* **Work to complete**
Give back exactly the line containing "Abandoned Wives Social" and all that follow it in the data below, with the pictures left out.

* **Dataset excerpt**
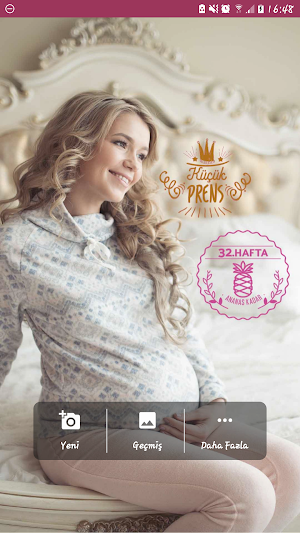Happy Photos • Fotoğraf Düzenleme Screenshot 0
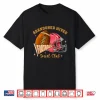 Abandoned Wives Social Club Football Funny Coaches Wife Shirt
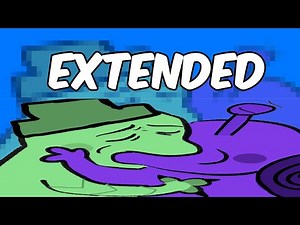 Marvin x shaun song EXTENDED VERSION!! | OFFICIAL MUSIC VIDEO #ulpu #art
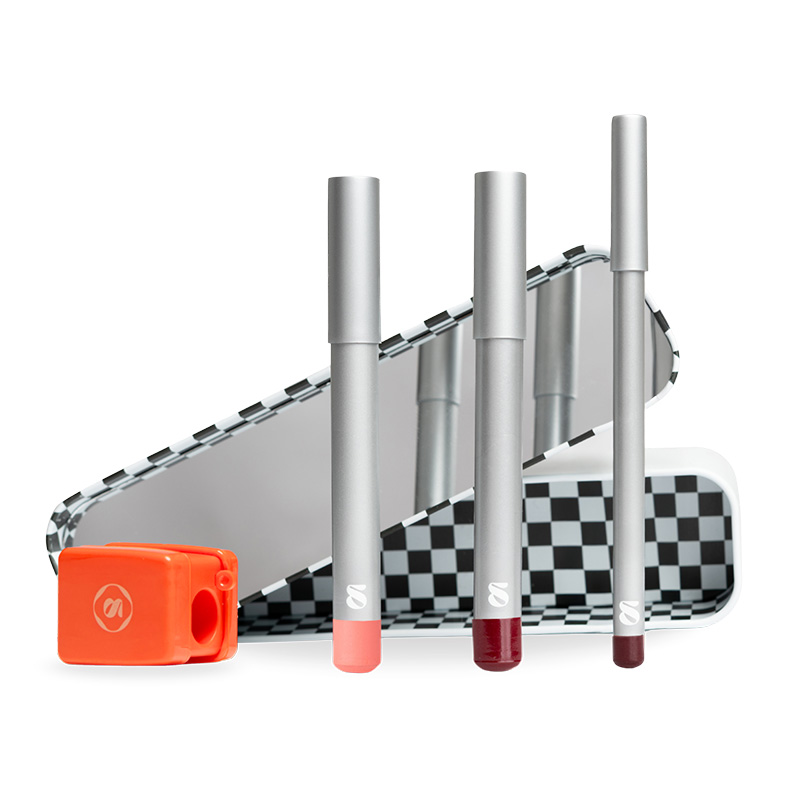 LIP COMBO BUCH&Oacute;N (SET PARA LABIOS)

* **Exercise answer**
 Abandoned Wives Social Club Football Funny Coaches Wife Shirt
 Marvin x shaun song EXTENDED VERSION!! | OFFICIAL MUSIC VIDEO #ulpu #art
 LIP COMBO BUCH&Oacute;N (SET PARA LABIOS)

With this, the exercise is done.